Supplied data:
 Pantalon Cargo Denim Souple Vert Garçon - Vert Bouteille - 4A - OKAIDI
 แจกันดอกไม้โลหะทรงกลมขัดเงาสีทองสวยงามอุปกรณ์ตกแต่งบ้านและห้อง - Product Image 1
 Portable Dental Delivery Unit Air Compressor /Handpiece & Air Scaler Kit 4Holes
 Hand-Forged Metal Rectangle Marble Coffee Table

---

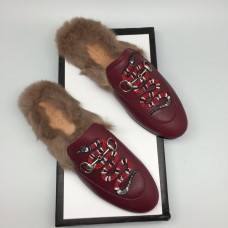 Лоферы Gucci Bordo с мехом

==

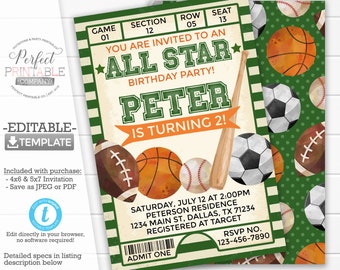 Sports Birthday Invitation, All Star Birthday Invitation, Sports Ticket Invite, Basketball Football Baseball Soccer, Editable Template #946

Exercise objective: For this exercise, please output exactly the lines above starting at the line with "Product Image 1" and ending at the line with "Hand-Forged Metal Rectangle", ends included.

Expected answer:
 แจกันดอกไม้โลหะทรงกลมขัดเงาสีทองสวยงามอุปกรณ์ตกแต่งบ้านและห้อง - Product Image 1
 Portable Dental Delivery Unit Air Compressor /Handpiece & Air Scaler Kit 4Holes
 Hand-Forged Metal Rectangle Marble Coffee Table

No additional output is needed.